La présentation du budget a été bien accueillie par les milieux d’affaires et par les marchés, qui ont jugé l’exercice sérieux et crédible, même si la situation des finances publiques reste très préoccupante. Les meilleurs résultats attendus en termes de recettes budgétaires pour l’exercice en cours vont avoir un impact positif sur l’ensemble de la trajectoire – elles vont notamment permettre d’éviter des hausses d’impôts. Le cap est maintenu en matière de maitrise des dépenses, avec l’objectif de stabiliser la dette publique à l’horizon 2025-2026 et la volonté de contenir les dépenses de fonctionnement pour favoriser la reprise de l’investissement public. Un certain nombre de risques ne sont toutefois pas levés, avec notamment de difficiles négociations à venir pour contenir la masse salariale de la fonction publique et l’absence d’annonce de réforme des entreprises publiques en difficulté, au premier rang desquelles Eskom.

  • Le mercredi 24 février, le ministre des Finances Tito Mboweni a présenté le budget pour l’exercice 2021-2022 (d’avril à mars). Au-delà de la présentation des équilibres budgétaires, cela a été l’occasion pour le ministre de faire passer deux messages.
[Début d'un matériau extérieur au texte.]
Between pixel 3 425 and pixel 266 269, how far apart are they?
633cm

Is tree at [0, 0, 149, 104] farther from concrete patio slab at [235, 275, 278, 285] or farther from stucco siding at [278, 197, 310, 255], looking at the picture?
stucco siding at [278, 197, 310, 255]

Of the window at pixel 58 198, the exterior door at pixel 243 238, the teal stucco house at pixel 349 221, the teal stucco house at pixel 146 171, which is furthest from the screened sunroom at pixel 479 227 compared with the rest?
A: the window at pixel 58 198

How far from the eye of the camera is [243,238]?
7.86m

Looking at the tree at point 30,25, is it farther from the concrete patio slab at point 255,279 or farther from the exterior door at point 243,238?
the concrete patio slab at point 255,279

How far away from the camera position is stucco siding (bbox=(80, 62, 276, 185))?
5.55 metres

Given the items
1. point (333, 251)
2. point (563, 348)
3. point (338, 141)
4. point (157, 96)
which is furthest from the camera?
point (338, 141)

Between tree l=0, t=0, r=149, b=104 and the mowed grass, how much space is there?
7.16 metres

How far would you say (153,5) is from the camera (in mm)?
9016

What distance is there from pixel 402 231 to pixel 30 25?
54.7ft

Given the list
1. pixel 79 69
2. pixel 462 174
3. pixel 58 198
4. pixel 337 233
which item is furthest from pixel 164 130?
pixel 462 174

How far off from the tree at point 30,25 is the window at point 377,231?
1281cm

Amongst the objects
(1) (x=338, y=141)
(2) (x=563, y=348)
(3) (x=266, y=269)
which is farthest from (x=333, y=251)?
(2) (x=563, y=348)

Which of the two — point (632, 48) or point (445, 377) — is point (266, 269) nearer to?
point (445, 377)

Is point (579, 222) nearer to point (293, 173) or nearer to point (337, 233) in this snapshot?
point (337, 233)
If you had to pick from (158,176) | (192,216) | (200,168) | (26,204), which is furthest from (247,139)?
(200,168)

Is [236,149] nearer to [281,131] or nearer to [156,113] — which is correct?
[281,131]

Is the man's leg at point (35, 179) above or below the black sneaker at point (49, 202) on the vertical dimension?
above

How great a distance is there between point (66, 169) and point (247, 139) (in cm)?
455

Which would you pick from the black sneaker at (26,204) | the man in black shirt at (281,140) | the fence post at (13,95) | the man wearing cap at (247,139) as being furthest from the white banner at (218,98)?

D’une part, l’objectif de ce budget est de continuer à soutenir le tissu économique et social à court terme dans le contexte de la crise, tout en maintenant une trajectoire budgétaire soutenable à moyen terme. D’autre part, il a martelé qu’il ne s’agissait pas d’un budget d’austérité (ce que les chiffres confirment), mais d’un budget prudent.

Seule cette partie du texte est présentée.